Competition is healthy, and there’s room for more than one standard in a space as vast and growing as the IoT.
Z-Wave is an open, internationally-recognised ITU standard (G.9959) and the most widely-adopted in wireless home control with over 3000 certified interoperable products worldwide from more than 700 companies including the likes of ADT, LG, and SmartThings.
“Z-Wave technology stands out for a few reasons – our legacy in the industry (this year is Z-Wave’s 20-year anniversary), robust interoperable product ecosystem, technology benefits such as low-power consumption and backwards compatibility, and a commitment to security and innovation in the market,” says Mitch Klein, executive director at the Z-Wave Alliance.
Z-Wave is much lower power than Wi-Fi but with a far greater range than Bluetooth. While it has a slower data transmission rate than Zigbee, the latter operates on the Wi-Fi standard frequency of 2.4GHz. By avoiding this busy frequency, Z-Wave avoids noise and increases coverage.
“We are always looking to make improvements to Z-Wave technology so that it fits the needs of manufacturers, integrators, and consumers alike, as new opportunities and pain points emerge,” says Klein.

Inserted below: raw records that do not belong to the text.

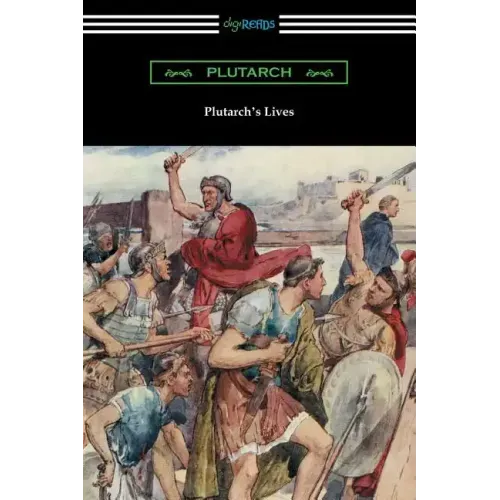 Plutarch's Lives (Volumes I and II)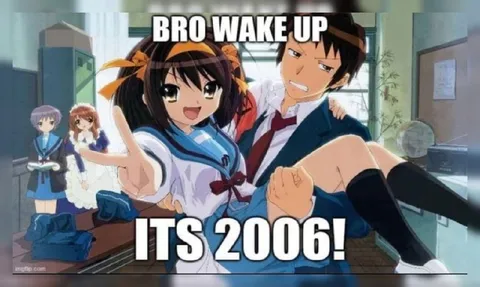 Bro Wake Up, It’s 2006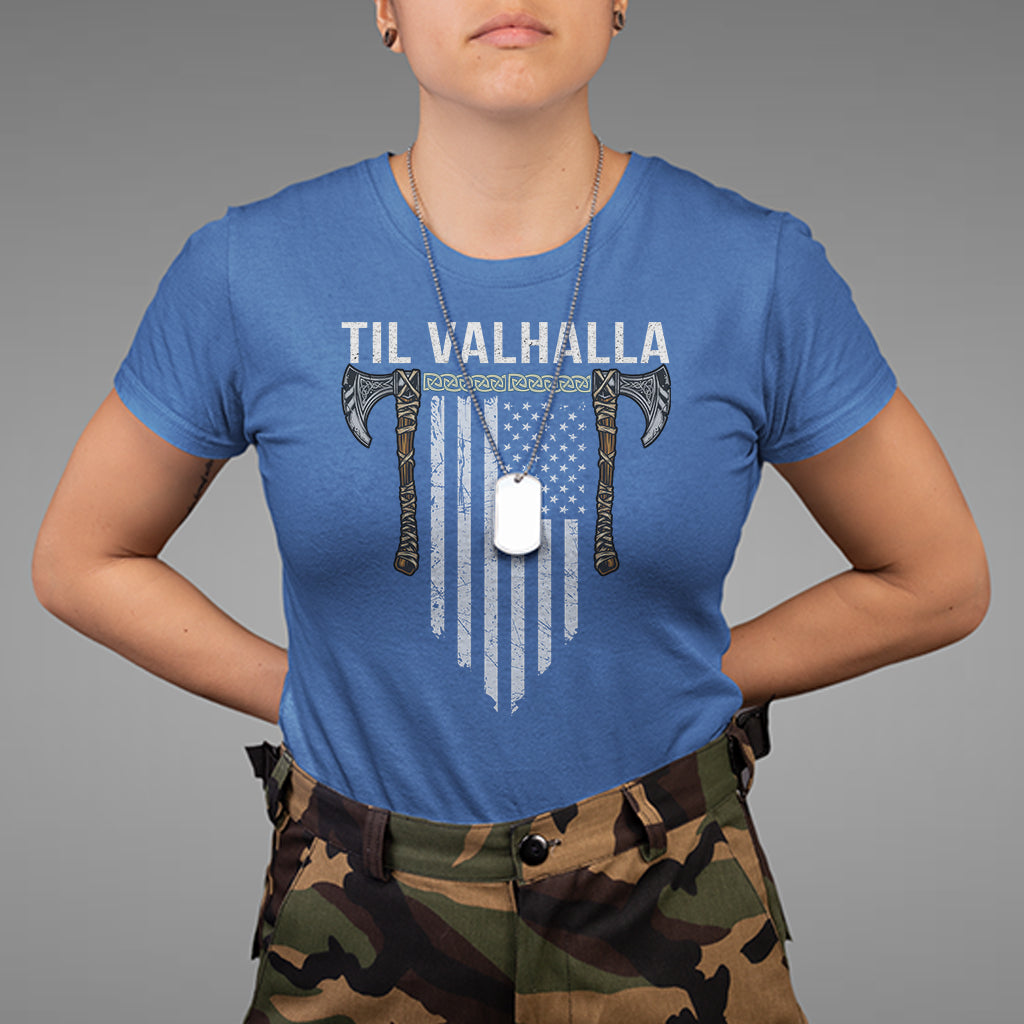 Viking T Shirt Til Valhalla American Axe Flag Norse Mythology - Wonder Print Shop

“For example, the Z-Wave Security 2 (S2) security framework was created a few years ago to address the growing concerns around device security. Mandatory in all devices certified after April 2017, it was developed in conjunction with the cybersecurity expert community and offers the already secure Z-Wave new levels of impenetrability.

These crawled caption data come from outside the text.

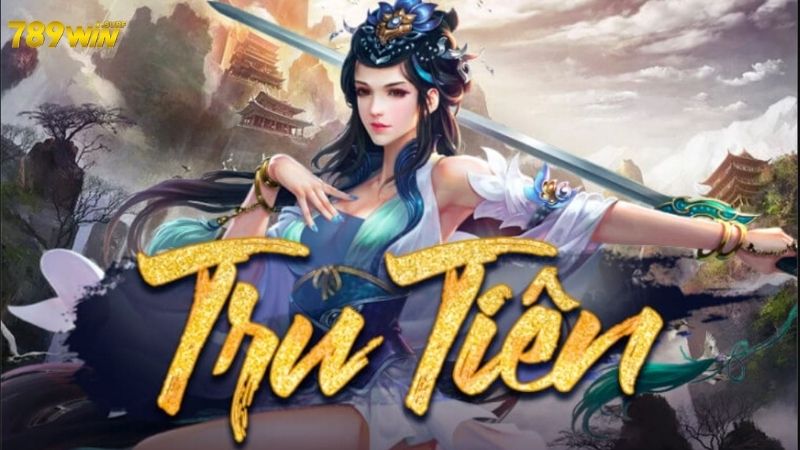 Gameplay và Tính Năng của Nổ Hũ Tru Tiên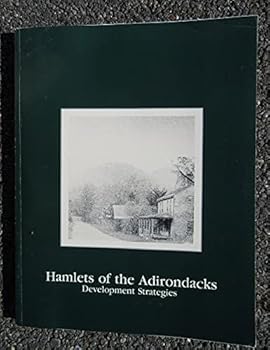 Paperback Hamlets of the Adirondacks: A Manual of Development Strategies Book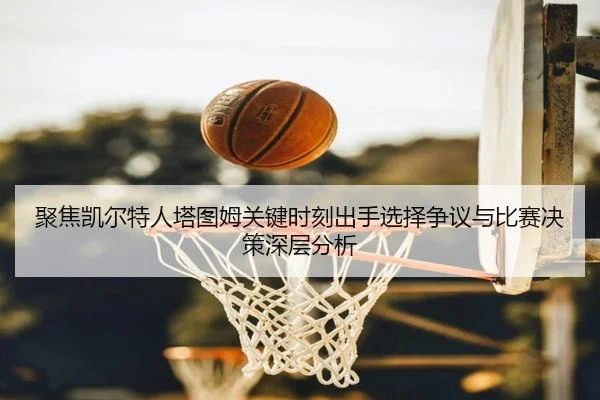 聚焦凯尔特人塔图姆关键时刻出手选择争议与比赛决策深层分析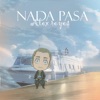 Nada Pasa - Single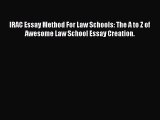 [Read book] IRAC Essay Method For Law Schools: The A to Z of Awesome Law School Essay Creation.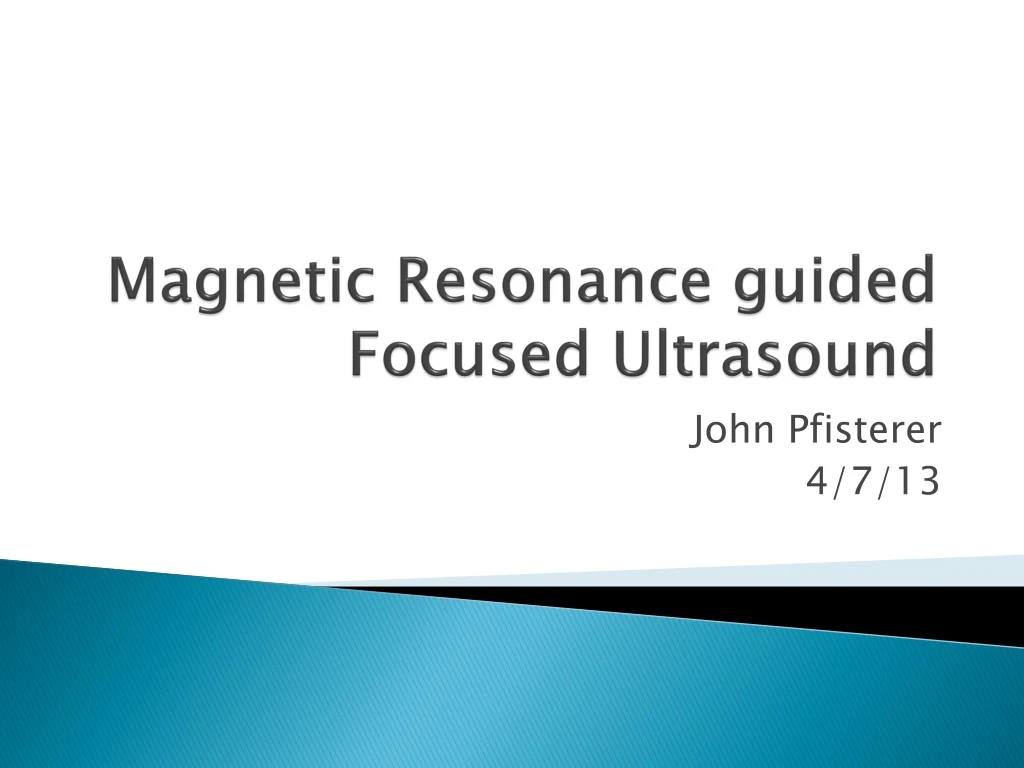 magnetic resonance g uided focused u ltrasound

“The recent Z-Wave Long Range specification was also developed to suit the changing needs of the market – it supports larger networks and increased range, which provides support and scalability that growing vertical industries such as MDU and hospitality require.”

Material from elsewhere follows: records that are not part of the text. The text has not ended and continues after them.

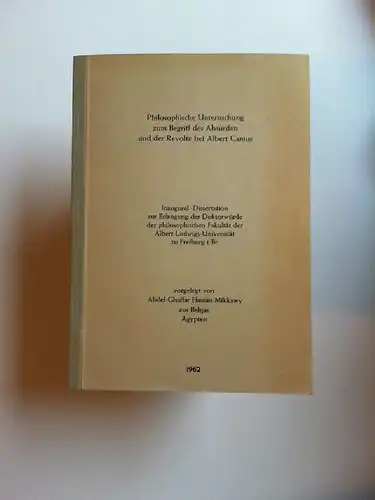 Mikkawy, Abdel-Ghaffar Hassan: Philosophische Untersuchung zum Begriff des Absurden und der Revolte bei Albert Camus. Dissertation. 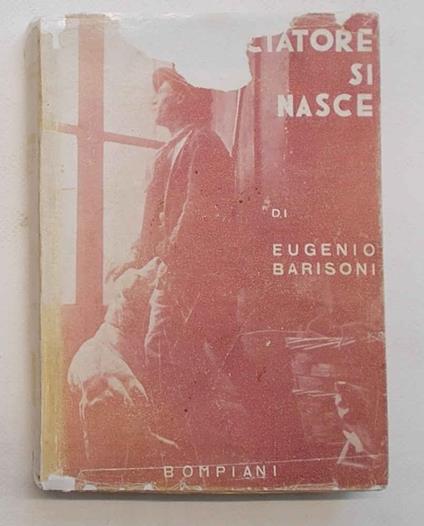 Cacciatori si nasce - Eugenio Barisoni - copertina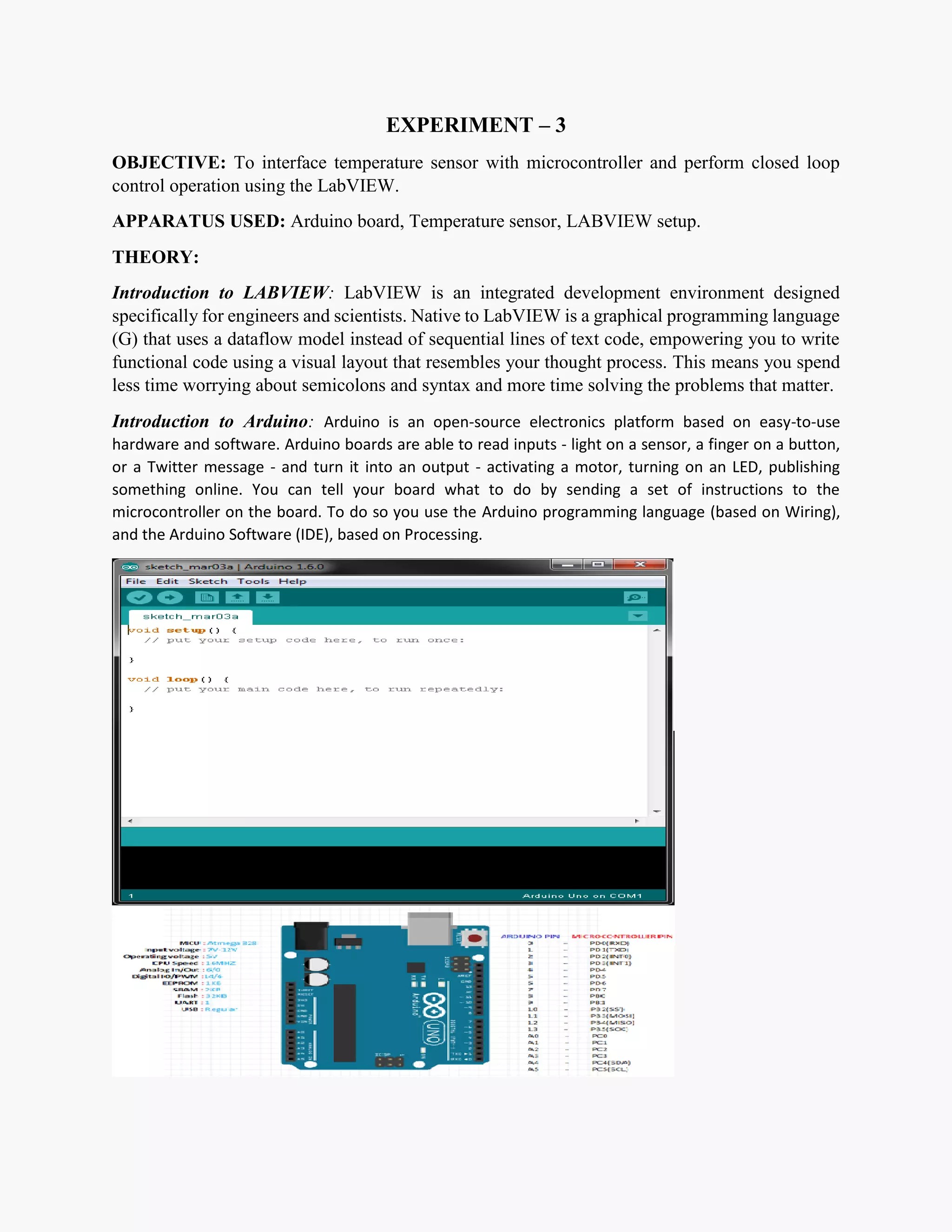To interface temperature sensor with microcontroller and perform closed
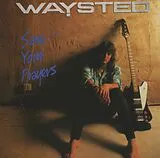 Waysted CD Save Your Prayers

Property-wide IoT network specialists STRATIS recently fitted 203 apartments – spanning three buildings – with JASCO Z-Wave Smart Lighting Dimmers and Switches, Schlage Smart BLE Locks, Honeywell Wi-Fi Thermostats, ButterflyMX Guest Access Control, and Alexa Voice Control. The deployment is a testament to Z-Wave’s strengths in range and interoperability.
“The property-wide Z-Wave and Wi-Fi network provides a secure, constant connection for all devices. Because of the advantages of the network installation, the portfolio is recovering 100 percent of its investment in less than two years, as well as benefiting from the increased property value.”
Last year, the Z-Wave Alliance became a solely independent and non-profit organisation that new oversees standard development which gave the alliance “new capabilities to both define and execute on the changes we want to see in the market – both from a technology and market development standpoint.”
In 2021, the Z-Wave Alliance will be taking advantage of those new capabilities to develop new projects and initiatives to address evolving industry needs, issue new technical updates, and recruit new members to further develop the standard.
Klein says the alliance will also have more to share soon on its Z-Wave Long Range certification program. IoT News will keep you posted.